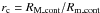 \hbox{$r_{\rm c}=R_{\rm M\_cont}/R_{\rm m\_cont}$}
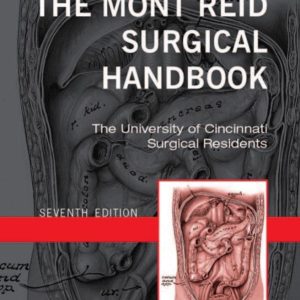 The Mont Reid Surgical Handbook E-Book: Mobile Medicine Series, 7th Edition (PDF)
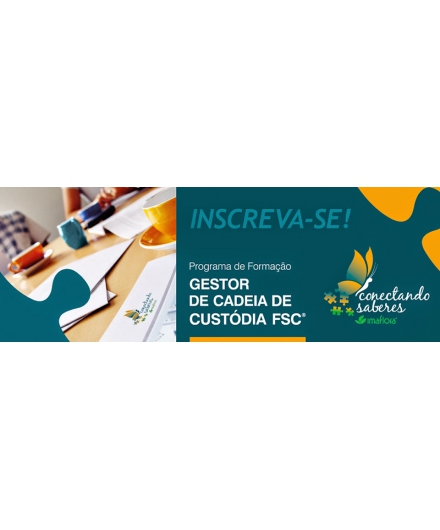 LANÇADO O PROGRAMA DE FORMAÇÃO DE GESTOR DE CADEIA DE CUSTÓDIA FSC® DO IMAFLORA - ÚLTIMAS VAGAS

● What needs to be done:
With pictures excluded, the material is to be written out exactly as given.

● Task output:
 \hbox{$r_{\rm c}=R_{\rm M\_cont}/R_{\rm m\_cont}$}
 The Mont Reid Surgical Handbook E-Book: Mobile Medicine Series, 7th Edition (PDF)
 LANÇADO O PROGRAMA DE FORMAÇÃO DE GESTOR DE CADEIA DE CUSTÓDIA FSC® DO IMAFLORA - ÚLTIMAS VAGAS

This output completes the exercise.